Community college students are becoming increasingly diverse. According to Bishop-Clark & Lynch, “age hetero-geneity creates a unique atmosphere for learning” (1998, p. 21). Their study concluded that community college students and faculty prefer mixed-age classroom experiences. Gustentine & Keim (1996) found significant age differences among community college students on learning style. Traditionally aged students processed information through reflective observation, while nontraditionally aged students processed information through active experimentation. Age was found by Gonzenback (1993) to be a factor affecting community college students’ decisions to continue their education beyond the associates’ degree. Chi-square test of independence showed no dependence on GPA.

“Grade point average (GPA) is one widely accepted means of determining academic success and the degree to which students have learned what they are expected to learn” (McAloon, 1994, p. 13). In a survey of university students who began their academic career on a community college campus, Carlin (2001) found that transfer students did not differ significantly in GPA from students who began freshman studies at a major university. Carlin concluded that “community colleges are a good investment for most adult students who wish to pursue a baccalaureate degree” (2001, p. 169). Alcohol-related academic problems tend to be less apparent at non-residential community colleges than on residential university campuses (McAloon, 1994). Data further revealed that the more frequently a community college student reported drinking, the more likely they were to also report a lower GPA.

The characteristics of age and GPA exist to some extent among all students.

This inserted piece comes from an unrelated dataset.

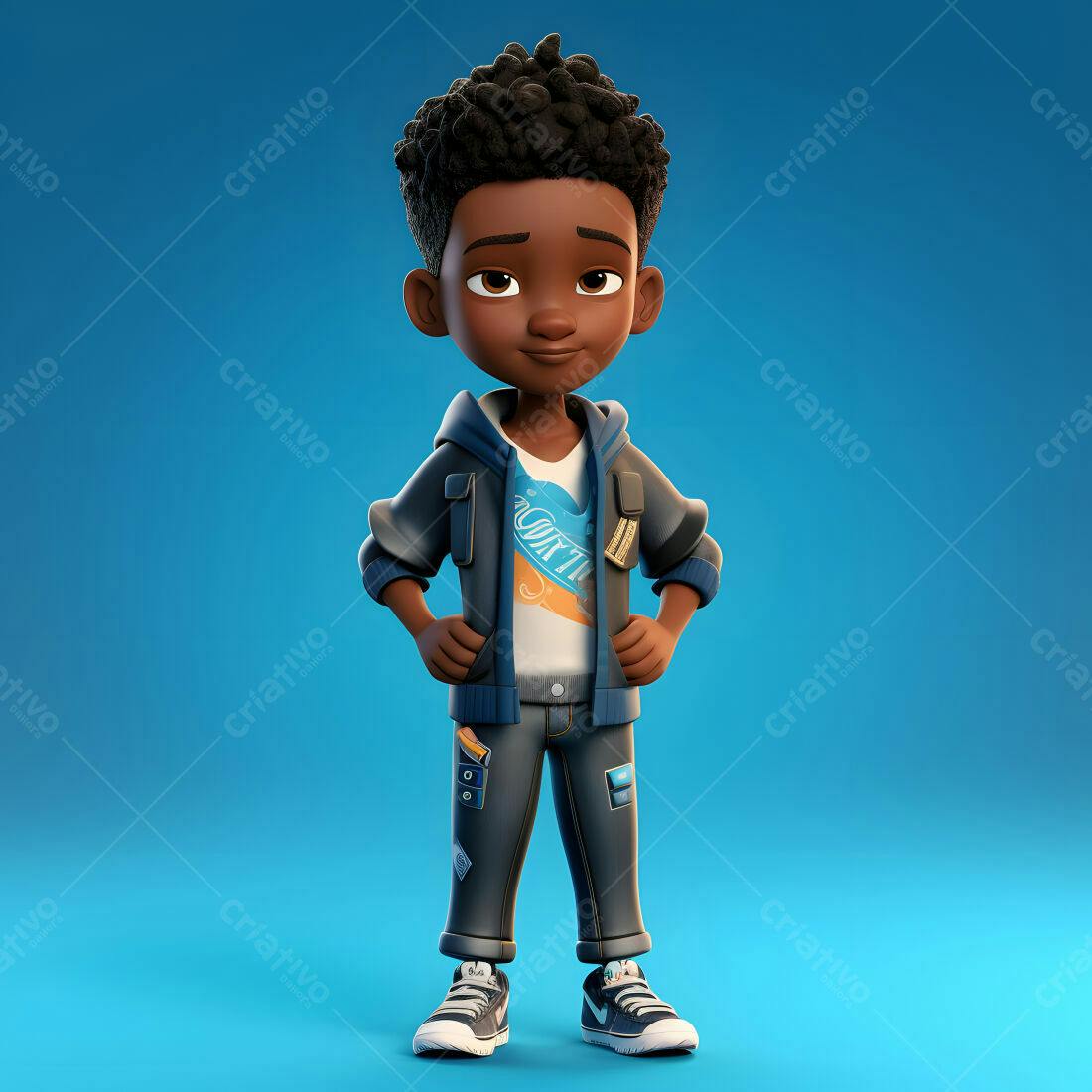 Menino negro estilo cartoon roupas jeans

The purpose of this study was to identify the extent to which age and GPA are related among community college students. Data concerning the relationship between age and GPA are sparse. This may be the first study to investigate the relationship between age and GPA among community college students.

Design

This study investigates the extent to which the variables of age and GPA are related among 158 students attending community college. According to Ary, Jacobs, and Razavieh, “[t]he possibility of the existence of relationships between variables is a reasonable question to investigate in educational research” (1985, p. 329). Due to its focus on relationship, this study is correlational in nature. “Correlational research methods help to clarify relationships and patterns of relationships among variables” (Ary, Jacobs & Razavieh, 1996, p.390).

Sample

The convenience sample for this study consisted of 158 students attending Haywood Community College (n=51) and Southwestern Community College (n= 107) during Winter 1996 (n=34), Spring 1997 (n=51), Fall 1997 (n=24), Spring 1998 (n= 18), Fall 1998 (n=23), and Spring 1999 (n=8). Included in the sample were day (n=83) and evening (n=75) students enrolled in ACA 111 College Student Success (n=18), ACA 118 College Study Skills (n=5), ENG 0085 Sentence Skills (n=3), ENG 1100 Vocational Communication Skills (n=7), MAT 060 Essential Mathematics (n=50), MAT 1125 Vocational Mathematics (n=18), and PSY 109 Human Relations (n=57).

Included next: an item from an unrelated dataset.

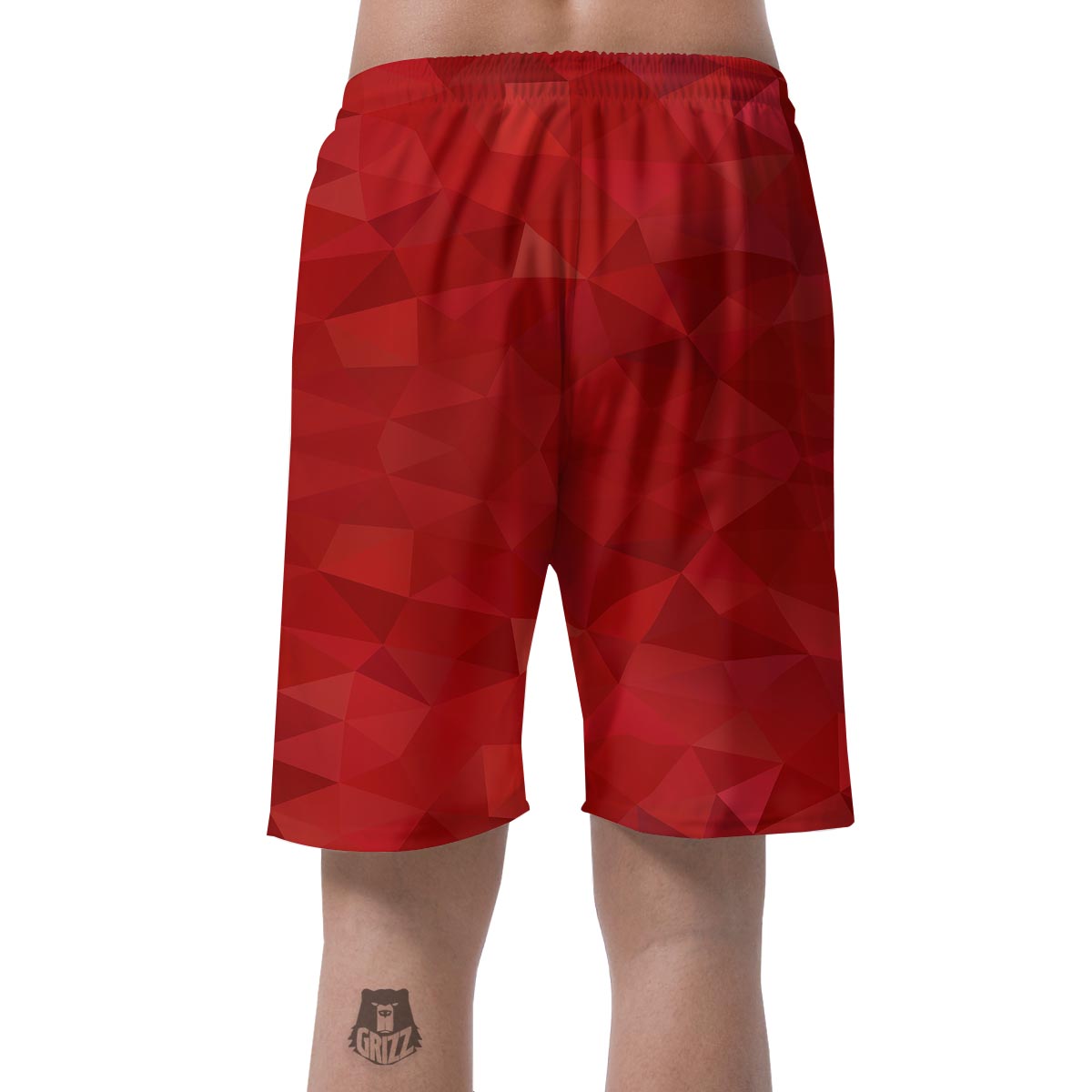 Geometric Red Print Pattern Men's Shorts-grizzshop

Student-disclosed demographic data were confirmed by the registrar’s office. Demographic data included age, race, gender, and GPA. Table 1 illustrates age frequencies and percentages. Forty-eight (30.38%) students were teenagers and 26 (16.46%) were 41 years of age or older. Table 2 illustrates race frequencies and percentages. The majority of students (89.24%) were Caucasian at a frequency of 141. Table 3 illustrates gender frequencies and percentages. Sixty (37.97%) were male and 98 (62.03%) were female. Table 4 illustrates GPA frequencies and percentages. Twenty-eight (17.72%) students had GPAs of 1.96 or below. Twenty-three (14.56%) students had 4.0 GPAs.

Results

The most commonly used descriptive statistic of correlation is the Pearson product moment correlation coefficient. Because it is most appropriately used with interval data, the Pearson product moment correlation coefficient was the statistical test used to address the research question: What is the relationship between age and GPA?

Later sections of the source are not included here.